**How to complete this task**
Starting at the line that holds "Pie with egg-butter, bun" and stopping at the line that holds "Tall white wall-mounted", restate the records below word for word, with both of those lines included.

**Dataset content**

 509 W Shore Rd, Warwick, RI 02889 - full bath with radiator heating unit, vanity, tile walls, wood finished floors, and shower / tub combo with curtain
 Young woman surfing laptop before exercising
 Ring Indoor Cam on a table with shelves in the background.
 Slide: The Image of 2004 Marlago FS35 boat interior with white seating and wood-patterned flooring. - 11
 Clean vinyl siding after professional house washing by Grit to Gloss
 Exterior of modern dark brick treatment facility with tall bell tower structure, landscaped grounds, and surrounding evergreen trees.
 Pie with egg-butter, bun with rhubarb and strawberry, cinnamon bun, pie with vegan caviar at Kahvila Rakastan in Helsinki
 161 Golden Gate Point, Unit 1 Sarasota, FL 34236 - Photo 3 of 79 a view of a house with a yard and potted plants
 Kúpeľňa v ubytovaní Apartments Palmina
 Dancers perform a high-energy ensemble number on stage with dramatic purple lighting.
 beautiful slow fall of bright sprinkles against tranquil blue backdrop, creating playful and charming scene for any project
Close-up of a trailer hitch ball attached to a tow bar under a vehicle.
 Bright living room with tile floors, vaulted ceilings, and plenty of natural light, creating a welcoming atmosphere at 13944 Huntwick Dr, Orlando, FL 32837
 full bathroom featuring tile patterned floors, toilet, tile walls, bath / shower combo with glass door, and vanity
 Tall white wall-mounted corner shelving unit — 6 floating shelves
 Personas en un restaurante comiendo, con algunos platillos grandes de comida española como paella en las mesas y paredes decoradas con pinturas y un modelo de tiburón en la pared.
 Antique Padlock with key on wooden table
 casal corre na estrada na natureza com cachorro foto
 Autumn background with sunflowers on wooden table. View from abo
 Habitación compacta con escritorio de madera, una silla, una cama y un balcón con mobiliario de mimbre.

**Answer below**
 Pie with egg-butter, bun with rhubarb and strawberry, cinnamon bun, pie with vegan caviar at Kahvila Rakastan in Helsinki
 161 Golden Gate Point, Unit 1 Sarasota, FL 34236 - Photo 3 of 79 a view of a house with a yard and potted plants
 Kúpeľňa v ubytovaní Apartments Palmina
 Dancers perform a high-energy ensemble number on stage with dramatic purple lighting.
 beautiful slow fall of bright sprinkles against tranquil blue backdrop, creating playful and charming scene for any project
Close-up of a trailer hitch ball attached to a tow bar under a vehicle.
 Bright living room with tile floors, vaulted ceilings, and plenty of natural light, creating a welcoming atmosphere at 13944 Huntwick Dr, Orlando, FL 32837
 full bathroom featuring tile patterned floors, toilet, tile walls, bath / shower combo with glass door, and vanity
 Tall white wall-mounted corner shelving unit — 6 floating shelves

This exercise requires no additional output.